The question isn’t whether or not these films use violence responsibly. It is: How do you wake someone up to the madness of the human condition after sitting through Kill Bill and Bruno? One could argue any of these films use violence “well,” but it’s impossible to get away from the fact that everybody is doing it. Extreme content is a drop in the bucket these days, and it must escalate in order to break through the audience’s toughening skin. Once salt has lost its flavor, how can it become salty again?
So, What Should Christians Do?
Violence, once the weapon of the illumined artist to combat the forces of complacency, has become complacency itself. Like the tolerance a user builds against a drug, the modern media denizen is significantly less affected by extreme content than in Percy’s and O’Connor’s eras. They were writing in times when people’s moral codes were more fixed, and generally all of America subscribed to some definition of homogeneity. This is no longer the case. They needed to be shaken up by the Gospel; we need to be calmed down by it. The siren song of modernity has become a pair of headphones, blaring counterculture over a 3G connection.
The Lord spoke to Jonah in a storm, but he spoke to Elijah in a still, small voice. He used both violence and serenity to grasp the attention of His servants and tailored His messages to their situations. In like manner, Christian artists must take the pulse of their age and speak in a way people will hear them clearly. I will leave the question of just how to do this to artists themselves (all the while pointing enthusiastically to Makoto Fujimura’s “The Four Holy Gospels” illumination) and add a few thoughts.

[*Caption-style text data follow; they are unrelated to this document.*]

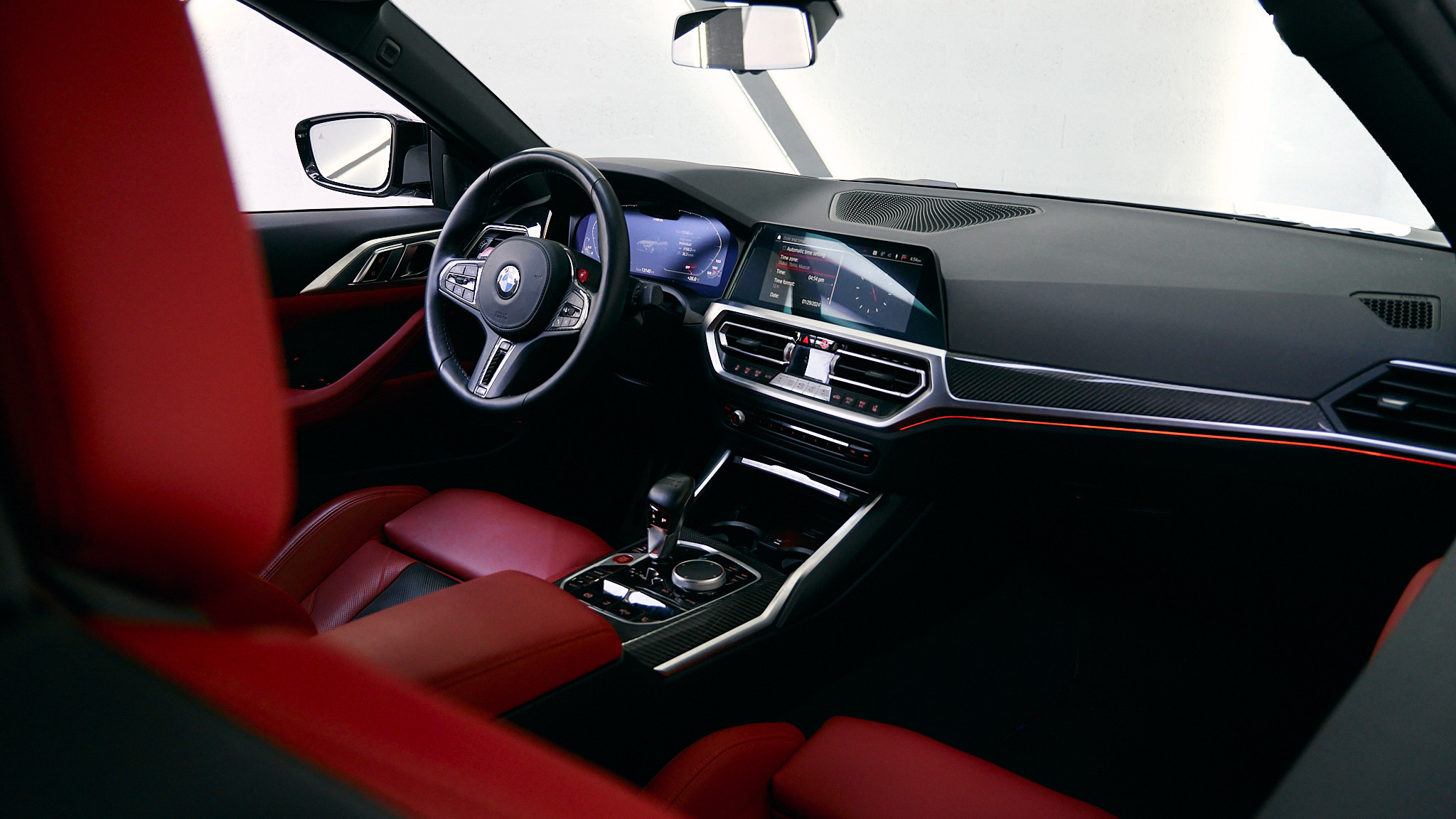 Foto 7 de Bmw M4 Competition 2024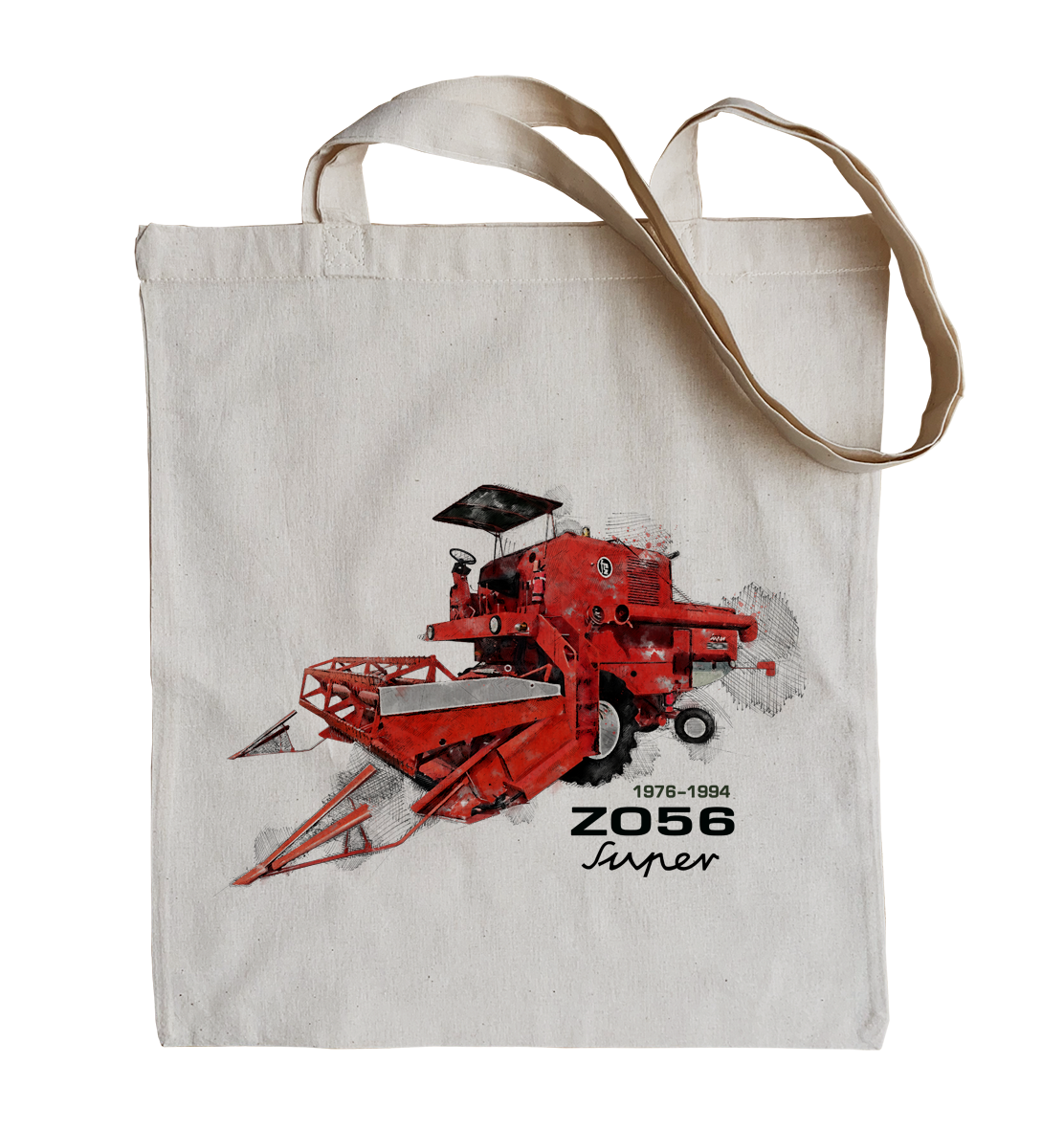 Bizon Super — torba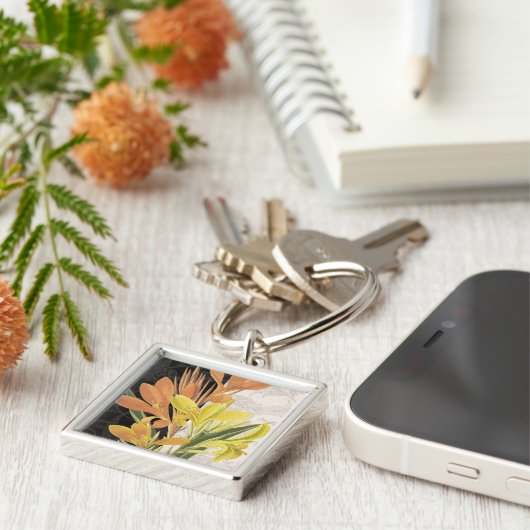 Porte-clés Centre I (Côté)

Whatever should be done, it is clear the Christian artist faces a peculiar enemy today: the expanding boredom of the modern age, which has the power to wash out even the severest expressions, and violence is its latest casualty. It is the constant duty of the Christian artist to outwit this amoebic tendency to consume and excrete, to make retail of riches. She must forge new paths of expression and restore old ones. When the world builds for itself a Tower of Babel, then she must paint a pile of rubble, and then when it is knocked down and the peoples wander in the refuse, she must paint a glittering city with jasper walls and foundations of precious stone.